CM – Early elections after Poots’ resignation could be held as a « referendum » on protocol – Coveney


DUP MP Sammy Wilson said that any intervention by the UK government in Northern Ireland policy in Scotland or Wales would not be tolerated, saying « this is not a basis for decentralization ». Video: PA media

Edwin Poots, leader of the Democratic Unionist Party (DUP), leaves the party headquarters in Belfast on Thursday. Photo: Paul Faith / AFP via Getty Images

Foreign Minister Simon Coveney has warned that early elections could be held as a “referendum” in the north because of the chaos in the Democratic Unionist Party. to the Northern Ireland Protocol.

He warned of the tensions and difficulties surrounding the protocol and the aftermath of Brexit that still linger in the north and said the summer could be very tense at the start of the marching season.

« We all have a duty to relieve this tension, respond to real concerns, show flexibility and pragmatism in the implementation of the protocol.

â € œThe EU understands this. The EU and the UK Government have a duty to find a way forward on these issues and the Irish Government is very involved in doing so.

“The idea that we are in the middle of it in the short term with an election that would in some way be a referendum on protocol and some of the problems of division that we have seen means that the elections would be on polarization and division rather than focusing on policy change and governance to solve Northern Ireland’s problems, â ???? Mr. Coveney told RTÃ ?? s Morning Ireland.

He spoke after Edwin Poots resigned as leader of the DUP after just three weeks after facing an internal revolt over Irish language legislation would have. Westminster has announced that it will legislate on the Irish language in the north by October if Stormont does not do so beforehand.
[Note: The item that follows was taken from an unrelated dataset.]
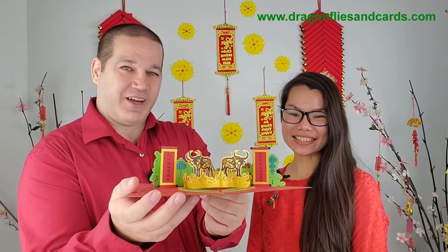Hi everyone, welcome to Dragon Flying Cards. In this video we'll be making the Year of the Water Buffalo karagami greeting card. Step-by-step instructions will be given to you by my wife Chan Kuzik and myself, Sean Kuzik.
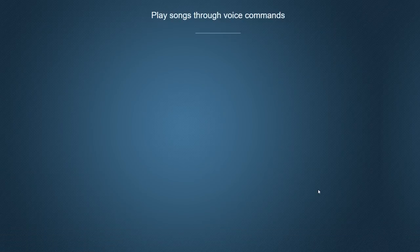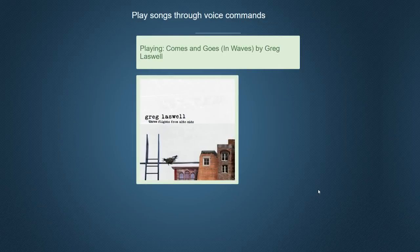Play Greg Laswell. As you can see, it plays. It displays the art and all that type of stuff.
Taoiseach Miche¡l Martin said he does not believe the crisis caused by the sudden resignation of Mr Poots will lead to elections in Northern Ireland.

« In my opinion, this is not what Northern Ireland is asking as we are in the middle of a pandemic and healthcare is really needed in Northern Ireland, » he said.

â ?? It is very important that we all work together on the island to maintain stability and to stay focused on what is important to the people [with] calm heads.  »

He added: « The government will work with all parties and with the UK Government to protect the institutions of the Good Friday Agreement [Belfast] and work towards the continuation of the Assembly and the Executive. »

Former Taoiseach Bertie Ahern said there was a « deep concern ». among trade unionists that things are “out of control”.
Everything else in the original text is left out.